Example Classification using the Iris Data

First we need the standard import



In [1]:

    
%pylab inline









    



Populating the interactive namespace from numpy and matplotlib



In [2]:

    
from classy import *









    



Keras not installed
Version:  0.0.19

Load the Data



In [3]:

    
data=load_excel('data/iris.xls',verbose=True)









    



iris.data 151 5
150 vectors of length 4
Feature names: 'petal length in cm', 'petal width in cm', 'sepal length in cm', 'sepal width in cm'
Target values given.
Target names: 'Iris-setosa', 'Iris-versicolor', 'Iris-virginica'
Mean:  [3.75866667 1.19866667 5.84333333 3.054     ]
Median:  [4.35 1.3  5.8  3.  ]
Stddev:  [1.75852918 0.76061262 0.82530129 0.43214658]

Look at the data

it's a good idea to look at the data a little bit, know the shapes, etc...



In [4]:

    
print(data.vectors.shape)
print(data.targets)
print(data.target_names)
print(data.feature_names)









    



(150, 4)
[0 0 0 0 0 0 0 0 0 0 0 0 0 0 0 0 0 0 0 0 0 0 0 0 0 0 0 0 0 0 0 0 0 0 0 0 0
 0 0 0 0 0 0 0 0 0 0 0 0 0 1 1 1 1 1 1 1 1 1 1 1 1 1 1 1 1 1 1 1 1 1 1 1 1
 1 1 1 1 1 1 1 1 1 1 1 1 1 1 1 1 1 1 1 1 1 1 1 1 1 1 2 2 2 2 2 2 2 2 2 2 2
 2 2 2 2 2 2 2 2 2 2 2 2 2 2 2 2 2 2 2 2 2 2 2 2 2 2 2 2 2 2 2 2 2 2 2 2 2
 2 2]
['Iris-setosa', 'Iris-versicolor', 'Iris-virginica']
['petal length in cm', 'petal width in cm', 'sepal length in cm', 'sepal width in cm']

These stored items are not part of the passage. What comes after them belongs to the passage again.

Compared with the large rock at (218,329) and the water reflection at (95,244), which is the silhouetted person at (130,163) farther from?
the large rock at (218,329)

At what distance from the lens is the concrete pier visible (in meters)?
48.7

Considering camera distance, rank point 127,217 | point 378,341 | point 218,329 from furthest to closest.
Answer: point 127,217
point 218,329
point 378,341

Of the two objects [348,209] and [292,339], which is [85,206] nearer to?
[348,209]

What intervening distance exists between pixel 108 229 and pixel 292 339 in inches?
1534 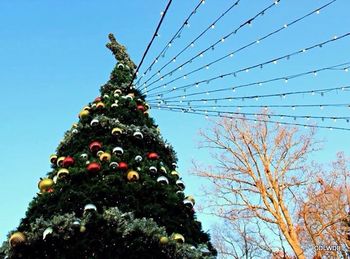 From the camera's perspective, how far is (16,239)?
3299mm

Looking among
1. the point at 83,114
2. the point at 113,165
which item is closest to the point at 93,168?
the point at 113,165

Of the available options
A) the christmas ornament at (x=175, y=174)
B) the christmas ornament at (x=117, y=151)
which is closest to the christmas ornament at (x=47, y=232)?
the christmas ornament at (x=117, y=151)

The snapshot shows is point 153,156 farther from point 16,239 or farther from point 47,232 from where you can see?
point 16,239

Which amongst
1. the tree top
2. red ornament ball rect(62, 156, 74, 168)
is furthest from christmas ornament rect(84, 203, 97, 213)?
the tree top

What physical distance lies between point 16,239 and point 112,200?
38.0 inches

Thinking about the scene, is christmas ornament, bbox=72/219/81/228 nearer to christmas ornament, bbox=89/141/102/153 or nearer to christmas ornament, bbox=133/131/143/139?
christmas ornament, bbox=89/141/102/153

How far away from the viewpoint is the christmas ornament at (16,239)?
3299mm

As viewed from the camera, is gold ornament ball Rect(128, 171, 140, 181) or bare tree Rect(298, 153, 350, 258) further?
bare tree Rect(298, 153, 350, 258)

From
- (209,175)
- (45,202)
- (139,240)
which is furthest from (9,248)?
(209,175)

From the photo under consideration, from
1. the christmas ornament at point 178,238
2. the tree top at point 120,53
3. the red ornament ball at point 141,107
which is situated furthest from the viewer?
the tree top at point 120,53

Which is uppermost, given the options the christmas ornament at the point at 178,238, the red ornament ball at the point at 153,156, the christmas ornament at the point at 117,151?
the red ornament ball at the point at 153,156

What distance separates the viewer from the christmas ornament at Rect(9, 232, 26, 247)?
3.30m

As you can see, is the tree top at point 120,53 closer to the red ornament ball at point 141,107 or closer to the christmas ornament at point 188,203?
the red ornament ball at point 141,107

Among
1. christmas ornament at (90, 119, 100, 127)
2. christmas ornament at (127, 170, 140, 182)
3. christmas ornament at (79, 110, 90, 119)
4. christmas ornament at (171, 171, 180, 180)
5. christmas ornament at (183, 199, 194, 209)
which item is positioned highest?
christmas ornament at (79, 110, 90, 119) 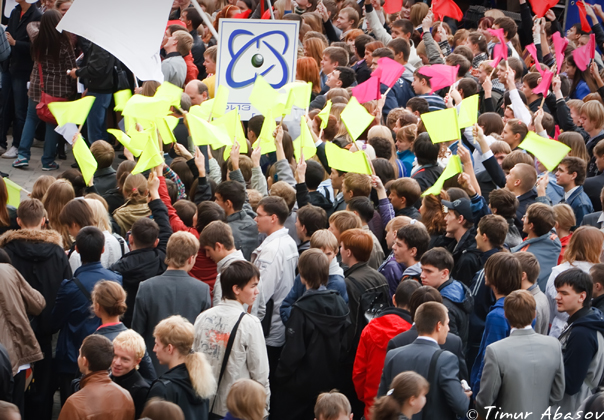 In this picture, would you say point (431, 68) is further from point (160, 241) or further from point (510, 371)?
point (510, 371)

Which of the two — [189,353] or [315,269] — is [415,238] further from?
[189,353]

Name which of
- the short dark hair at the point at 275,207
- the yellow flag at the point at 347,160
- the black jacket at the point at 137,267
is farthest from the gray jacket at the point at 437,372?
the yellow flag at the point at 347,160

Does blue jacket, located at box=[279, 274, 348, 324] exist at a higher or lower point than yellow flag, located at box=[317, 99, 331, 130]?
lower

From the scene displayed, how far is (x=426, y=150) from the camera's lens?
7152 mm

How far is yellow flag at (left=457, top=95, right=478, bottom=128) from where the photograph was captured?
707 cm

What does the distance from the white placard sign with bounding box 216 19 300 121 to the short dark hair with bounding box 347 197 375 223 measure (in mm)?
2656

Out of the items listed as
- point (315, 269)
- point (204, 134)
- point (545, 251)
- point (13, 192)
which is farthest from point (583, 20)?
point (13, 192)

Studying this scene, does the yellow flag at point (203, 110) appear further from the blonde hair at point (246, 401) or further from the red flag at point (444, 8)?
the red flag at point (444, 8)

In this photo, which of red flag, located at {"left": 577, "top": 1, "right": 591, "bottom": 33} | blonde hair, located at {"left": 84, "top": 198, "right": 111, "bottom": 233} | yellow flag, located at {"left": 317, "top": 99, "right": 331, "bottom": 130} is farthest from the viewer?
red flag, located at {"left": 577, "top": 1, "right": 591, "bottom": 33}

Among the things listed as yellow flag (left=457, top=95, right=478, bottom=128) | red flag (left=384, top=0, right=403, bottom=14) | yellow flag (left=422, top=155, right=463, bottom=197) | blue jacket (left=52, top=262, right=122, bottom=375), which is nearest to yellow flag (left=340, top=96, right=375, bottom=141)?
yellow flag (left=457, top=95, right=478, bottom=128)

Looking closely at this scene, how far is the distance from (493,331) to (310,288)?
4.00 feet

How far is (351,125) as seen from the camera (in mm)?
7012

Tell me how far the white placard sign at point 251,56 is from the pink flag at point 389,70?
1193 millimetres

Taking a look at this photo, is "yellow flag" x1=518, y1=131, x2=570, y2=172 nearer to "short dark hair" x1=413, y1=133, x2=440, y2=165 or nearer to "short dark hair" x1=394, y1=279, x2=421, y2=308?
"short dark hair" x1=413, y1=133, x2=440, y2=165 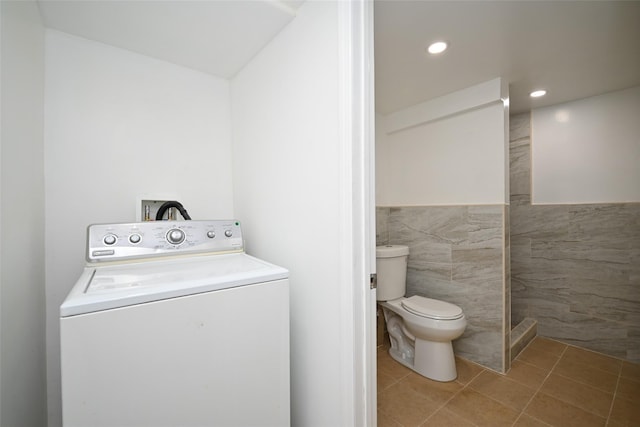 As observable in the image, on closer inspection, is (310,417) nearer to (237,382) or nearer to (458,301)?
(237,382)

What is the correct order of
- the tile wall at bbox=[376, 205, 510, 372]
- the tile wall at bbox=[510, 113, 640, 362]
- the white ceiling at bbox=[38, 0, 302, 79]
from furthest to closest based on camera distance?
the tile wall at bbox=[510, 113, 640, 362] < the tile wall at bbox=[376, 205, 510, 372] < the white ceiling at bbox=[38, 0, 302, 79]

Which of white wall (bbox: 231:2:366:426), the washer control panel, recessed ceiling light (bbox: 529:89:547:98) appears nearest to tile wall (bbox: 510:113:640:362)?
recessed ceiling light (bbox: 529:89:547:98)

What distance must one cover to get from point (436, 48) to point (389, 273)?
164 cm

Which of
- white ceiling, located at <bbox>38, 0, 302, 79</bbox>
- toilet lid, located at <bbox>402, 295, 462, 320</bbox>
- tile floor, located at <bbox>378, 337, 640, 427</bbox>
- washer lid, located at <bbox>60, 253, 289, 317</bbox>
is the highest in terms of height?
white ceiling, located at <bbox>38, 0, 302, 79</bbox>

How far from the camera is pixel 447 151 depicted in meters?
2.28

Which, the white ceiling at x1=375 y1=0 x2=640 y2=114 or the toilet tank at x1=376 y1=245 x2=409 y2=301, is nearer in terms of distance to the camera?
the white ceiling at x1=375 y1=0 x2=640 y2=114

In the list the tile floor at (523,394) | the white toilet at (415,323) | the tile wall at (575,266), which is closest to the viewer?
the tile floor at (523,394)

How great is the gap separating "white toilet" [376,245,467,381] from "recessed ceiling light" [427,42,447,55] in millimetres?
1449

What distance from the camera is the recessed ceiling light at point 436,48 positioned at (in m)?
1.53

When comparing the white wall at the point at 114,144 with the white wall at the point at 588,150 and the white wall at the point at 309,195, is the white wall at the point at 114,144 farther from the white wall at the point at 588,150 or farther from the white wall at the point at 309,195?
the white wall at the point at 588,150

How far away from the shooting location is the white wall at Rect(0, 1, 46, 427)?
2.34ft

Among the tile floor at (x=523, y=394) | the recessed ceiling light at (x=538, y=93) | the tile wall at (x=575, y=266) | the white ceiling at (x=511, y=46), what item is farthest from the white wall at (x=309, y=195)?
the tile wall at (x=575, y=266)

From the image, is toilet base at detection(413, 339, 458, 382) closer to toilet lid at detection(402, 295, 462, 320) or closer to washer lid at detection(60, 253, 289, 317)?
toilet lid at detection(402, 295, 462, 320)

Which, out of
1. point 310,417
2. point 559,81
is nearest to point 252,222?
A: point 310,417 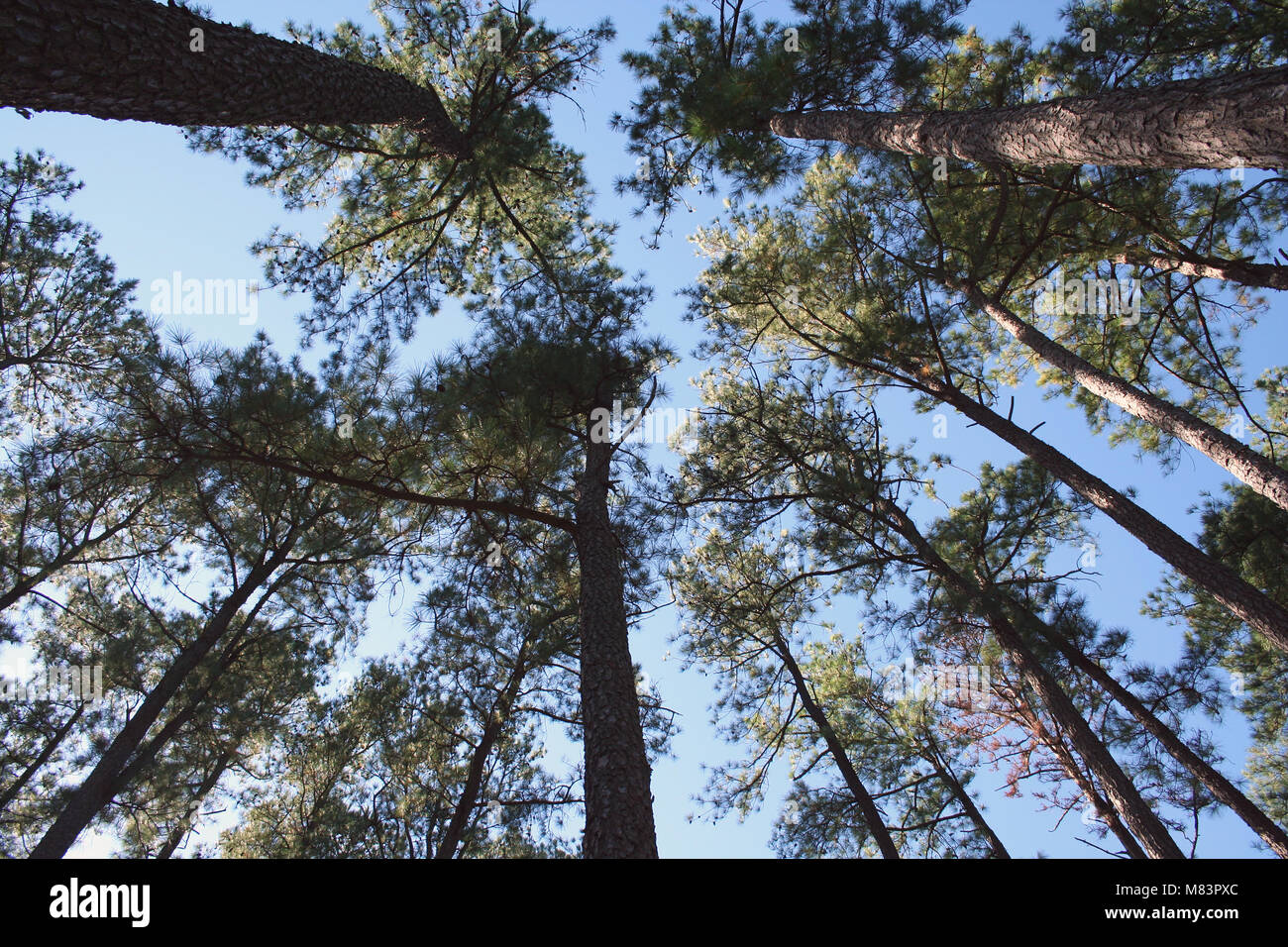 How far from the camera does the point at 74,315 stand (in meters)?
7.70

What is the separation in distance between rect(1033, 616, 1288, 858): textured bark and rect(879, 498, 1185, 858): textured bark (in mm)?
550

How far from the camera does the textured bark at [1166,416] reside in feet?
14.8

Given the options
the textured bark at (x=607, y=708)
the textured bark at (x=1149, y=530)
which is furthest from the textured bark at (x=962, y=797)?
the textured bark at (x=607, y=708)

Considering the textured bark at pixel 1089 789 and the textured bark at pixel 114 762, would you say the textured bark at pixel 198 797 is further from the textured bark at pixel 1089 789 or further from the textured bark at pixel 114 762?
the textured bark at pixel 1089 789

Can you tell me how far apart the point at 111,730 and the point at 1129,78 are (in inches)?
527

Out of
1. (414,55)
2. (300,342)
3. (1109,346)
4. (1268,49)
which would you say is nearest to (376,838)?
(300,342)

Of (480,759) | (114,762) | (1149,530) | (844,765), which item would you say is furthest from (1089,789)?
(114,762)

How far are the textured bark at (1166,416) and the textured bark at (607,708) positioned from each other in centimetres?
490

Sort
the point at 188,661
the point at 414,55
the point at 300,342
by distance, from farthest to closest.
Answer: the point at 414,55
the point at 300,342
the point at 188,661

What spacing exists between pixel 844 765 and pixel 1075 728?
2.36 metres

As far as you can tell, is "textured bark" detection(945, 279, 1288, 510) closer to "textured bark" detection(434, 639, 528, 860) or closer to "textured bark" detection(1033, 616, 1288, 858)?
"textured bark" detection(1033, 616, 1288, 858) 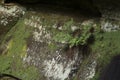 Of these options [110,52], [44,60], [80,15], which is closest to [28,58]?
[44,60]

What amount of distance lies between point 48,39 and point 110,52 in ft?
2.52

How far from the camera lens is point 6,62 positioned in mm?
3721

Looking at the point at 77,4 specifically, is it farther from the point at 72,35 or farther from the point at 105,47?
the point at 105,47

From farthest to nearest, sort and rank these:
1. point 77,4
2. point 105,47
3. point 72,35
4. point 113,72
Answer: point 77,4 < point 72,35 < point 105,47 < point 113,72

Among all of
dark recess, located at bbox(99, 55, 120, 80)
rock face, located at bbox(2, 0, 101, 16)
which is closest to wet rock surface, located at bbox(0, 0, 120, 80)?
rock face, located at bbox(2, 0, 101, 16)

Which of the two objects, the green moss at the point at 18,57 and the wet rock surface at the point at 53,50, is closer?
the wet rock surface at the point at 53,50

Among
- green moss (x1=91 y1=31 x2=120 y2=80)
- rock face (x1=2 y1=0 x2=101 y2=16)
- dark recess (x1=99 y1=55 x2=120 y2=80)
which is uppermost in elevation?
dark recess (x1=99 y1=55 x2=120 y2=80)

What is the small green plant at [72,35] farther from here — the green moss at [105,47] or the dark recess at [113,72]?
the dark recess at [113,72]

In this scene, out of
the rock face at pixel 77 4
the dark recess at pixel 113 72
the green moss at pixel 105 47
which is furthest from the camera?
the rock face at pixel 77 4

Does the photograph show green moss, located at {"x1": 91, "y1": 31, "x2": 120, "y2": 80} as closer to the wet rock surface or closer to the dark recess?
the wet rock surface

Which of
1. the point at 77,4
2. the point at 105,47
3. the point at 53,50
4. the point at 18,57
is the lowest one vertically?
the point at 18,57

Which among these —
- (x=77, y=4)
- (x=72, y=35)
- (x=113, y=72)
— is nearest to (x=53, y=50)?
(x=72, y=35)

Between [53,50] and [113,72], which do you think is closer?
[113,72]

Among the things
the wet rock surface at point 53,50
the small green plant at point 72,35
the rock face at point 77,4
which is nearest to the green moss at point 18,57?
the wet rock surface at point 53,50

since you can't plot 4 dimensions, try plotting some 2D subsets

I don't like the automatic placement of the legend, so lets set it manually



In [5]:

    
subset=extract_features(data,[0,2])
plot2D(subset,legend_location='upper left')

plot all of the combinations



In [6]:

    
plot_feature_combinations(data)

I don't want to do the classification on this subset, so make sure to use the entire data set.

Classification

First, we choose a classifier



In [7]:

    
C=NaiveBayes()

Split the data into test and train subsets...



In [8]:

    
data_train,data_test=split(data,test_size=0.2)









    



Original vector shape:  (150, 4)
Train vector shape:  (120, 4)
Test vector shape:  (30, 4)

...and then train...



In [9]:

    
timeit(reset=True)
C.fit(data_train.vectors,data_train.targets)
print("Training time: ",timeit())









    



Time Reset
Training time:  0.001149892807006836 seconds



In [10]:

    
print("On Training Set:",C.percent_correct(data_train.vectors,data_train.targets))
print("On Test Set:",C.percent_correct(data_test.vectors,data_test.targets))









    



On Training Set: 95.0
On Test Set: 100.0

some classifiers have properties that are useful to look at. Naive Bayes has means and stddevs...



In [11]:

    
C.means









    Out[11]:





array([[ 1.44473684,  0.23157895,  5.01578947,  3.42368421],
       [ 4.26428571,  1.33333333,  5.96666667,  2.80714286],
       [ 5.5225    ,  1.9975    ,  6.5475    ,  2.9625    ]])



In [12]:

    
C.stddevs









    Out[12]:





array([[ 0.02826178,  0.0100554 ,  0.13606649,  0.13496538],
       [ 0.2184864 ,  0.03888889,  0.26317461,  0.09113946],
       [ 0.32174375,  0.08074375,  0.44149375,  0.10334375]])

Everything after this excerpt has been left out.